EXERCISE: Which lines run from the one containing "Modularer Sichtschutz aus" to the last line of the entries? Return them exactly, with nothing more.

(Short text fragments from websites)
• • • • •
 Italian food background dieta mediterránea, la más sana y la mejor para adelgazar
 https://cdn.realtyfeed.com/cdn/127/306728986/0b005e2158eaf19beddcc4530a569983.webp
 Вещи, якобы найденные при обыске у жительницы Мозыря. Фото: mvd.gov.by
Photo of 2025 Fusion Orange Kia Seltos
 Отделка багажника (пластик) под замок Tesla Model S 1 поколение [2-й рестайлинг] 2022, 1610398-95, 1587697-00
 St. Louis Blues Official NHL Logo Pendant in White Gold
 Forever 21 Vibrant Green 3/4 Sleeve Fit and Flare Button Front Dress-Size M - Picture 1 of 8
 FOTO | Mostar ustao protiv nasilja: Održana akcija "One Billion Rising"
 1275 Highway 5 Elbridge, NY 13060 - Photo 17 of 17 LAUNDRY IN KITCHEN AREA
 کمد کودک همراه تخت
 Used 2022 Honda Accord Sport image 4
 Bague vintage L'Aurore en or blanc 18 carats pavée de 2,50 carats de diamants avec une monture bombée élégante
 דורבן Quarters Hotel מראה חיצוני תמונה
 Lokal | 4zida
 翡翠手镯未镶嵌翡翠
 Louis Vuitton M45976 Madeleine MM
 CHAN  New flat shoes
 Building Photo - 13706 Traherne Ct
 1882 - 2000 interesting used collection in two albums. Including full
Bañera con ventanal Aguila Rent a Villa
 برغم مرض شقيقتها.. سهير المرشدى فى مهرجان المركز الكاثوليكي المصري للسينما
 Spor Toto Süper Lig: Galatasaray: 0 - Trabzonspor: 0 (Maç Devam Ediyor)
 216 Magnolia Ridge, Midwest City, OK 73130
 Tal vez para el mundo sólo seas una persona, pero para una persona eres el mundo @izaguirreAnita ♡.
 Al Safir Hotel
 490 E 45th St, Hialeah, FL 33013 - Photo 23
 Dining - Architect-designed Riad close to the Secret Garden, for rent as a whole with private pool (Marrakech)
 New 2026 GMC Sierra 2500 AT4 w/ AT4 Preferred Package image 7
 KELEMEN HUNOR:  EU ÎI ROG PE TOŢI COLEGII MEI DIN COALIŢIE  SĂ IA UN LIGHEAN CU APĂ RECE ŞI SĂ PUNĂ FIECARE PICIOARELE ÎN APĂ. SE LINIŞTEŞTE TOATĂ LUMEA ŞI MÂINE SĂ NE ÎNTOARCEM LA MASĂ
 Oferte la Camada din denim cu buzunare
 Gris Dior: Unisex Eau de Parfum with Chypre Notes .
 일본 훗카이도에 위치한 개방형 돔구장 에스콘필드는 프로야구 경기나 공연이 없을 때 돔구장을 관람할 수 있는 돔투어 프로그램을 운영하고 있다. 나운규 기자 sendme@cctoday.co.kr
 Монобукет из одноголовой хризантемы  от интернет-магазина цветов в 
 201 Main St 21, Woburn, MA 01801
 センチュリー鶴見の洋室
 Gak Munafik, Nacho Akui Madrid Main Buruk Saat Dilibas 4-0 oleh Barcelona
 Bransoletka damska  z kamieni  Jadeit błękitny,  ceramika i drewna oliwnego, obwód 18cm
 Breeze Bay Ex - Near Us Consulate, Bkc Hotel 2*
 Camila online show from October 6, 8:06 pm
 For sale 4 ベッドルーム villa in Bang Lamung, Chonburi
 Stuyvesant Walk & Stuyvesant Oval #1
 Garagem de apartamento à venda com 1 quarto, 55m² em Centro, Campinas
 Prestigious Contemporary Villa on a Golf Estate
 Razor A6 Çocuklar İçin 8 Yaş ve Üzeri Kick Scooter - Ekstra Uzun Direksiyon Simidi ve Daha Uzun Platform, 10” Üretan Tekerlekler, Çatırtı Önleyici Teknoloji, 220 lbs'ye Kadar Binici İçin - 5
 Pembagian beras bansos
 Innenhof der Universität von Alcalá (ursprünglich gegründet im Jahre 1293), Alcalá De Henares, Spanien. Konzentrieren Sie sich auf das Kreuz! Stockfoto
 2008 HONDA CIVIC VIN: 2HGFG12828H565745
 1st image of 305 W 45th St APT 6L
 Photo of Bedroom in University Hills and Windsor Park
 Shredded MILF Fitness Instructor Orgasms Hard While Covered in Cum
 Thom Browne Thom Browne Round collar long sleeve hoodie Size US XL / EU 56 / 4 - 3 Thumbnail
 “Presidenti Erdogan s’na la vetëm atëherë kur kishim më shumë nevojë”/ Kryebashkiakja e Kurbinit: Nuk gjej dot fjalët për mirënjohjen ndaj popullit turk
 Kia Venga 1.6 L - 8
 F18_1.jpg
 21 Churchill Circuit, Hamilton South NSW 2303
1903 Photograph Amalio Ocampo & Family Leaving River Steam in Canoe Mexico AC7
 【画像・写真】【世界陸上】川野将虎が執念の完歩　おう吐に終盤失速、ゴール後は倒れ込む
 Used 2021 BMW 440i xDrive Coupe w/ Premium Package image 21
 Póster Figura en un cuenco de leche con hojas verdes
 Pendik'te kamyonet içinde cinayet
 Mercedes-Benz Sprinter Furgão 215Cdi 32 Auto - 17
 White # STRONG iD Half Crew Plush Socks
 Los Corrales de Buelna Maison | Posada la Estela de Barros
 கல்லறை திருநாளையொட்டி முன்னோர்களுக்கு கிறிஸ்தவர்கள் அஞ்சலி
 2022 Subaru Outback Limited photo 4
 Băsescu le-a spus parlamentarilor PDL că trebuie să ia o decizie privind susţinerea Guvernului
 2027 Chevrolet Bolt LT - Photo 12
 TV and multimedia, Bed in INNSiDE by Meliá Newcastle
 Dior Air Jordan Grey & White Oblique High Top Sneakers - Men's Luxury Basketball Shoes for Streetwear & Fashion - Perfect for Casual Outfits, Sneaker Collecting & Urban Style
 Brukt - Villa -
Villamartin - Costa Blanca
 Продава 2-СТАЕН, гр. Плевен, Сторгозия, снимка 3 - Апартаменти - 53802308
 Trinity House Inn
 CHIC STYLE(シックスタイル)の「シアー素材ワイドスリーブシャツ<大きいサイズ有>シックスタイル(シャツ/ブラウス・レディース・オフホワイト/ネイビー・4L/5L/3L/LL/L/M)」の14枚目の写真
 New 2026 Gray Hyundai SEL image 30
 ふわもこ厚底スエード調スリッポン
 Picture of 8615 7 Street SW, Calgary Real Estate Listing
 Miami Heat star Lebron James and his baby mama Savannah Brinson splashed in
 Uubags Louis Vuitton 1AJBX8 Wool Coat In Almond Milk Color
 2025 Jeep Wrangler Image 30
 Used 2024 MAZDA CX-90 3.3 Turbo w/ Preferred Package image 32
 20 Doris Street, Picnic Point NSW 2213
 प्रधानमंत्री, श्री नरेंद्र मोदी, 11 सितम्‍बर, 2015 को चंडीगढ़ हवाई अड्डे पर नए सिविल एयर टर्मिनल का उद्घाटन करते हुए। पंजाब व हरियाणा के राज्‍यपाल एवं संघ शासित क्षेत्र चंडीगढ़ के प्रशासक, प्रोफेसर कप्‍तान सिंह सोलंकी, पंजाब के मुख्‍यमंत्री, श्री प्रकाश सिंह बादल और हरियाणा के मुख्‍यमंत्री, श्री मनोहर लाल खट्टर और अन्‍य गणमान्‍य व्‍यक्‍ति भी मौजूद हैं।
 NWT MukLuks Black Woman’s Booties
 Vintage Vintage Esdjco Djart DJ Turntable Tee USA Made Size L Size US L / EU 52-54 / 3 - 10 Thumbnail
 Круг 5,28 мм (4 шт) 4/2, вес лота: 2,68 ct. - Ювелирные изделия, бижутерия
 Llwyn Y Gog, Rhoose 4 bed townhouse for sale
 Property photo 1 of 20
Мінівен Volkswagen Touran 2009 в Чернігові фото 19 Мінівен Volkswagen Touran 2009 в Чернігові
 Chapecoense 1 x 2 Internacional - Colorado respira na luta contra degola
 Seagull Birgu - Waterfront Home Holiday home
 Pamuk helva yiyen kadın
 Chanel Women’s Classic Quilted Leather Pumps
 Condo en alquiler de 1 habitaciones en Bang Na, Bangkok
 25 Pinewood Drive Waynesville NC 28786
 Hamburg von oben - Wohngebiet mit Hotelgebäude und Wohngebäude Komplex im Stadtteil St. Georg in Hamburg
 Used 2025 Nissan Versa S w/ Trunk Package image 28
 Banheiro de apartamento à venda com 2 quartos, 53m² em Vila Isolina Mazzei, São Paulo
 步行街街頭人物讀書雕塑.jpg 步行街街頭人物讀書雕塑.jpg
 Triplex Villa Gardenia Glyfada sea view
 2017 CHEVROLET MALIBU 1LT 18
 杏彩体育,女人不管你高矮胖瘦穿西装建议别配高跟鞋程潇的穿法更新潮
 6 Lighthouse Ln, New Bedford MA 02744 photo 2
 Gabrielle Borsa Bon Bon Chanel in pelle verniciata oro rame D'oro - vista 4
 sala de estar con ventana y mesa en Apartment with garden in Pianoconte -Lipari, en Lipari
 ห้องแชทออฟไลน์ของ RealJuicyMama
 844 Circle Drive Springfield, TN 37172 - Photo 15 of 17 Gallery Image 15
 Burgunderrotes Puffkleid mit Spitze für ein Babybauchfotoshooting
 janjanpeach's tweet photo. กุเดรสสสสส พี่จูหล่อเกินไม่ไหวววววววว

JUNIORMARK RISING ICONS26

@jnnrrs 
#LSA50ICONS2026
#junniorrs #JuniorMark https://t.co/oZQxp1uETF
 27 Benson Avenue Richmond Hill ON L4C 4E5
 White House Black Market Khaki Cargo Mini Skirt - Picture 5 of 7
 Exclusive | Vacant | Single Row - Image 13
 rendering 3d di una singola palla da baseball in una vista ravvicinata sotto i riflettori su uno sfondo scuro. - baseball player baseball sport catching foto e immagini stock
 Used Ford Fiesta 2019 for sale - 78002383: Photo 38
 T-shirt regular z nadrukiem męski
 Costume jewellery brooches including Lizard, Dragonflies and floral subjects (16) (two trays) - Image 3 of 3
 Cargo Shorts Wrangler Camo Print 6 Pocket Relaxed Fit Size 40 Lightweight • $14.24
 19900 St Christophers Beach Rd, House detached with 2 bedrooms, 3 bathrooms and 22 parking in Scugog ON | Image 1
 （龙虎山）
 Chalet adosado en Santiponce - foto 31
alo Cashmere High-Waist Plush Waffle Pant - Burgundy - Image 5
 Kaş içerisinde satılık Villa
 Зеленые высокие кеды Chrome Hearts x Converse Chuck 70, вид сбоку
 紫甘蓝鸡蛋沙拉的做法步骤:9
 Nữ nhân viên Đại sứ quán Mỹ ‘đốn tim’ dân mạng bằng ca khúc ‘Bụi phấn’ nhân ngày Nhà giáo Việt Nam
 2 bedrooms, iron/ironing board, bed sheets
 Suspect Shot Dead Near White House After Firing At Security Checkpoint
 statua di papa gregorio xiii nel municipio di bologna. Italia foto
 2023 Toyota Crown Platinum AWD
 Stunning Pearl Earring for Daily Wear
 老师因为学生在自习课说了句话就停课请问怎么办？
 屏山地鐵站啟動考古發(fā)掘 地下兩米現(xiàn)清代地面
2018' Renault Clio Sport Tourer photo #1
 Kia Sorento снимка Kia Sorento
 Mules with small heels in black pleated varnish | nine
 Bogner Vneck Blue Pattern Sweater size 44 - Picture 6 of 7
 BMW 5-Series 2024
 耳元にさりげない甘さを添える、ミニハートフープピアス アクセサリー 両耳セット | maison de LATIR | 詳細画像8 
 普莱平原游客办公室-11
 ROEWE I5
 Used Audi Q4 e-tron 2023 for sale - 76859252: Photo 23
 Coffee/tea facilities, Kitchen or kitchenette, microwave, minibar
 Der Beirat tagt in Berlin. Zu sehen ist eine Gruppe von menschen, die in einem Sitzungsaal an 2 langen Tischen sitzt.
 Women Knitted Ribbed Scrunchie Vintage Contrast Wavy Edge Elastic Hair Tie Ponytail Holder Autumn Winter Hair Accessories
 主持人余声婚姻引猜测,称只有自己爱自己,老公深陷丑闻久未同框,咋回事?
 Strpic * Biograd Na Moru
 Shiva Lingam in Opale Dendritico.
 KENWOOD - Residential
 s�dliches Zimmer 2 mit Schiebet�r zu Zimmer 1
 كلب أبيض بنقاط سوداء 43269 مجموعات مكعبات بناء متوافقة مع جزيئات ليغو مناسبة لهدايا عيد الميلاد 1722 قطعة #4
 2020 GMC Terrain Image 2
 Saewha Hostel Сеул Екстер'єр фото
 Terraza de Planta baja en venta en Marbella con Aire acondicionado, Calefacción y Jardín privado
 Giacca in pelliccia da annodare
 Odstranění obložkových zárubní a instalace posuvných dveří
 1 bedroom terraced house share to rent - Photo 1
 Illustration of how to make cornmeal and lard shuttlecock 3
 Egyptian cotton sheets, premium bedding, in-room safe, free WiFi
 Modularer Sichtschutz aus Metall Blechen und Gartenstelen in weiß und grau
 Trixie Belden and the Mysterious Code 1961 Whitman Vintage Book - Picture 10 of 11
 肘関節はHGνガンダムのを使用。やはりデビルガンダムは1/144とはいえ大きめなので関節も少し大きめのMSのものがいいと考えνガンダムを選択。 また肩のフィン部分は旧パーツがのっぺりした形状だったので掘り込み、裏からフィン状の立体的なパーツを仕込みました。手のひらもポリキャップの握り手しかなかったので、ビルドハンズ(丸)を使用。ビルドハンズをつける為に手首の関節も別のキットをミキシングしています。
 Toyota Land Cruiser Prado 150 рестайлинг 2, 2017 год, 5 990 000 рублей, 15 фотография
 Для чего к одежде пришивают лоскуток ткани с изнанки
• • • • •
ANSWER AREA:
 Modularer Sichtschutz aus Metall Blechen und Gartenstelen in weiß und grau
 Trixie Belden and the Mysterious Code 1961 Whitman Vintage Book - Picture 10 of 11
 肘関節はHGνガンダムのを使用。やはりデビルガンダムは1/144とはいえ大きめなので関節も少し大きめのMSのものがいいと考えνガンダムを選択。 また肩のフィン部分は旧パーツがのっぺりした形状だったので掘り込み、裏からフィン状の立体的なパーツを仕込みました。手のひらもポリキャップの握り手しかなかったので、ビルドハンズ(丸)を使用。ビルドハンズをつける為に手首の関節も別のキットをミキシングしています。
 Toyota Land Cruiser Prado 150 рестайлинг 2, 2017 год, 5 990 000 рублей, 15 фотография
 Для чего к одежде пришивают лоскуток ткани с изнанки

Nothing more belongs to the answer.